I'm apparently no good at remembering riders who put in only one appearance. I guess it takes me at least two rides, or an embarrassing reminder, to register a face or a name or both.

It's 9:35 now and still raining. It's going to be rainy all week and possibly into Saturday as well. I'm okay with that. I'm planning a week away from the bike and don't want the temptation of seeing my shadow to dissuade me from a much-needed rest.

Sunday, July 15, 2018

All Greased Up and Nowhere to Go

Carson Road, Lawrence Township

15 July 2018

5:16 a.m.

Laura, Ricky, Jack -

I just cancelled. We'll try again another time, maybe.


5:30 a.m.

I turn off the alarm, set it for 7:00, and go back to sleep, during which I dream that a trainer at the gym is making me ride uphill in sand and I'm in my big ring.

7:00 a.m.

It's dark outside. 25% chance of rain. I don't know why Jim canceled. I set my bar at 60%. Gary hasn't canceled his ride out of Etra. I'm sure to lag behind the Fastboys.

8:25 a.m.

This coffee isn't any good. So much for Crooked Porch; I'll stick with Acadia. I have a 28-minute drive to drink it anyway. I'm going to need it.

The sky is completely cloudy, but they're those high clouds that never do much. Except that one gray one hanging over East Windsor.

The first splash of rain hits the windshield as I reach Hightstown. The drive down Etra Road is in a torrent. The gravel parking lot is empty. I drive into the park; that's empty too.

I check the radar. There's a little blob overhead now, and, after that, nothing for a while. Ralph rides past me and I wave him down. He's smiling, of course, and he's going to continue his ride, of course, because, he says, "I'm already wet," and because he's Ralph.

I head home. If it's dry I'll do my own thing.

Wait. Alan K has that C+ thing out of Mountain Lakes. I pull over to get the address from the ride calendar. That's when I see that Gary canceled. Either I missed it or he canceled minutes after I left the house.

It's 9:16. Google says the trip will take 16 minutes. Might as well try.

9:28 a.m.

Harrison Street at Nassau. The sky to the west is thunderstorm gray. 1.2 miles to go, 6 minutes. Not happening. I turn left towards home.

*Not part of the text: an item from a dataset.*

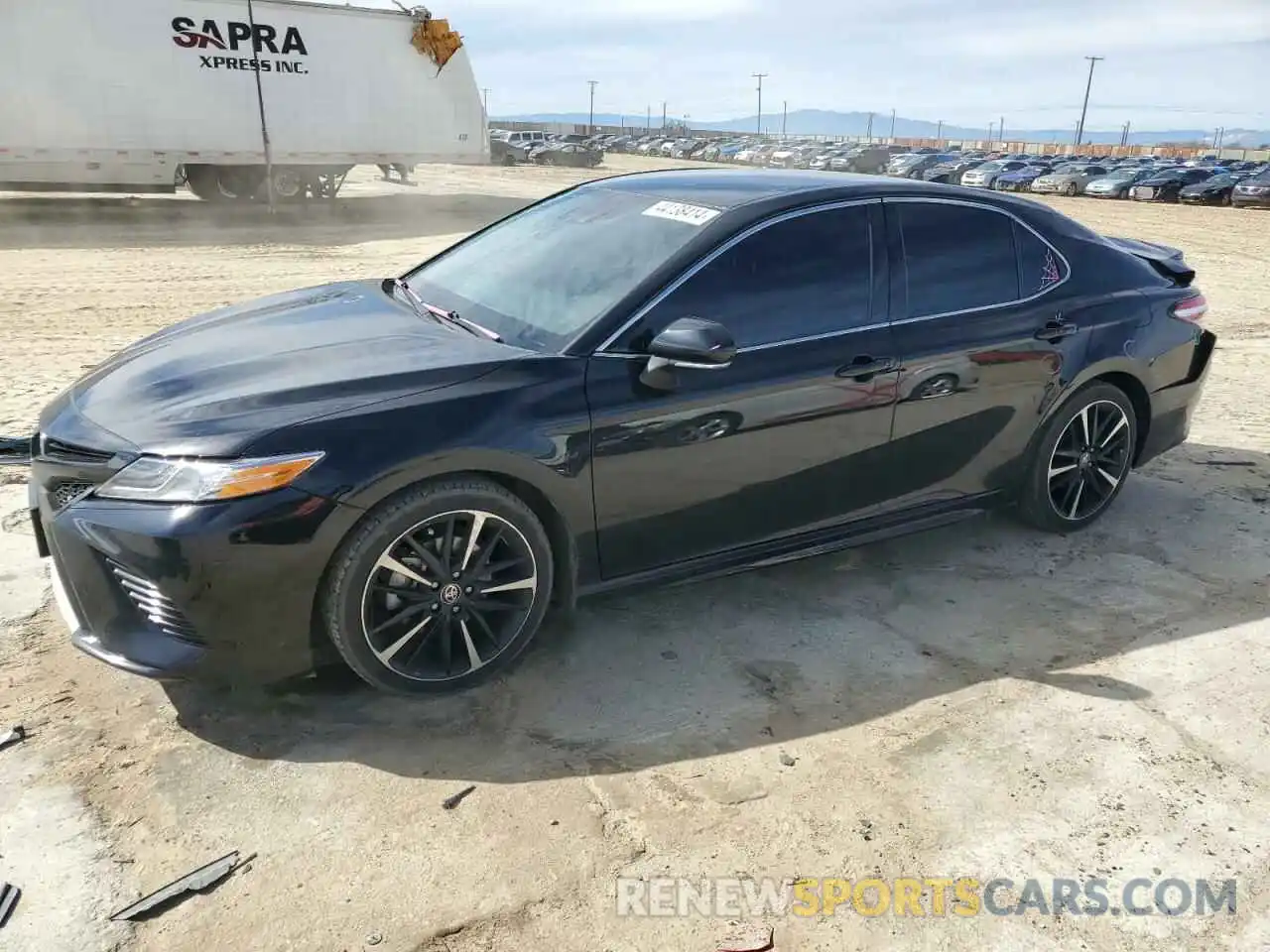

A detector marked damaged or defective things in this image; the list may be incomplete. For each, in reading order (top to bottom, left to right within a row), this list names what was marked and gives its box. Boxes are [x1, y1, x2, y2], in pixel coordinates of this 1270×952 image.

rusted metal scrap [108, 848, 252, 923]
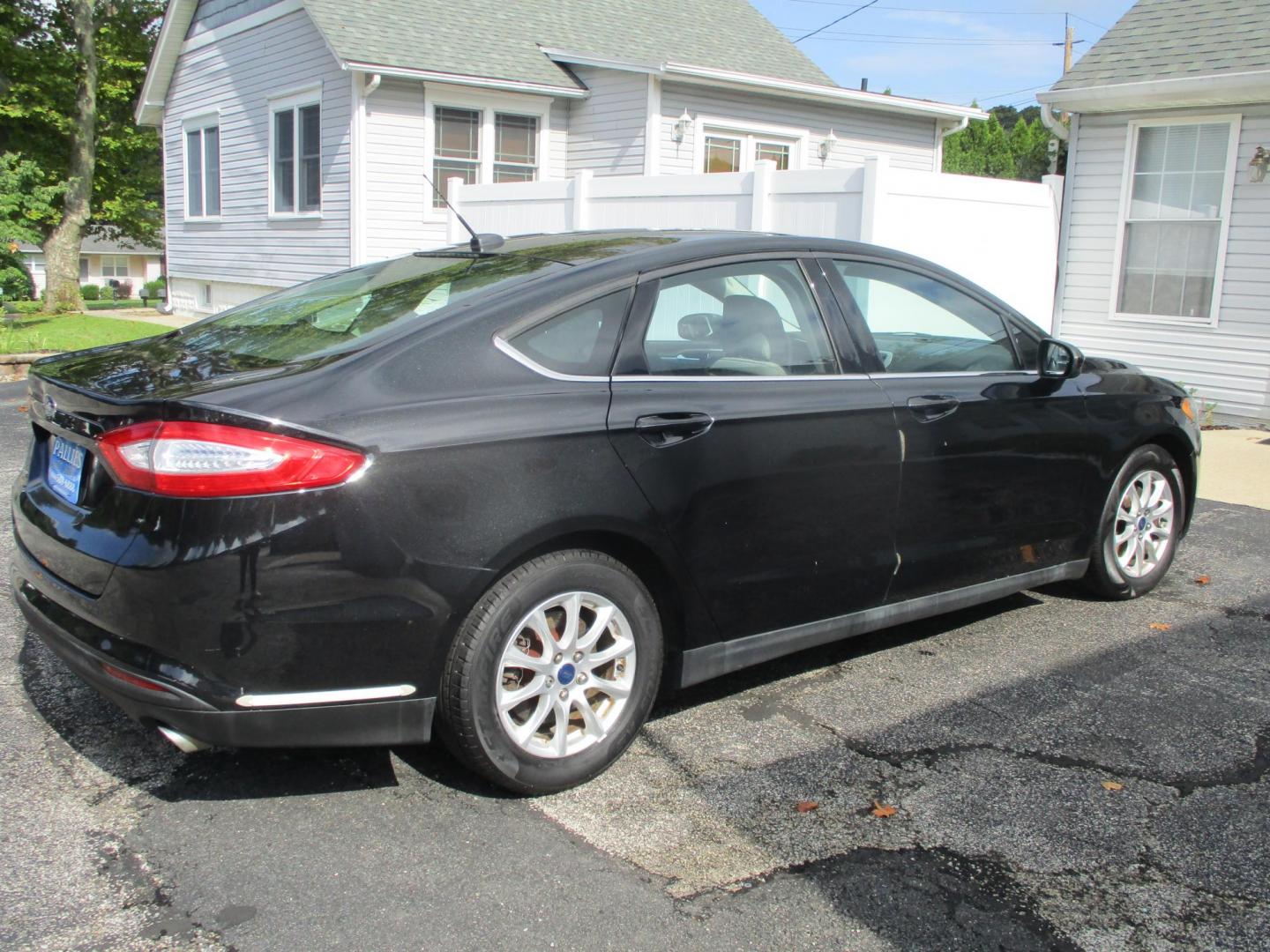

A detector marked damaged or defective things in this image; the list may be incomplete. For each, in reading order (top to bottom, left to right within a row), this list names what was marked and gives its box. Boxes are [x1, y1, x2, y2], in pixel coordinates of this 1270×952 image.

Princeton Pike looks like it got some rain.  The roads in Lawrence are dry.

9:40 a.m.

In the driveway I check AccuWeather. Rain in 62 minutes. I can squeeze a ride in. I unload the car, get my helmet and shoes on, and tell Jack, "I'll be back in 25 miles or rain, whichever comes first." I leave the camera at home.

I don't have a route in mind, other than to stay west of Route 1 and head toward the leading edge of the next storm cell.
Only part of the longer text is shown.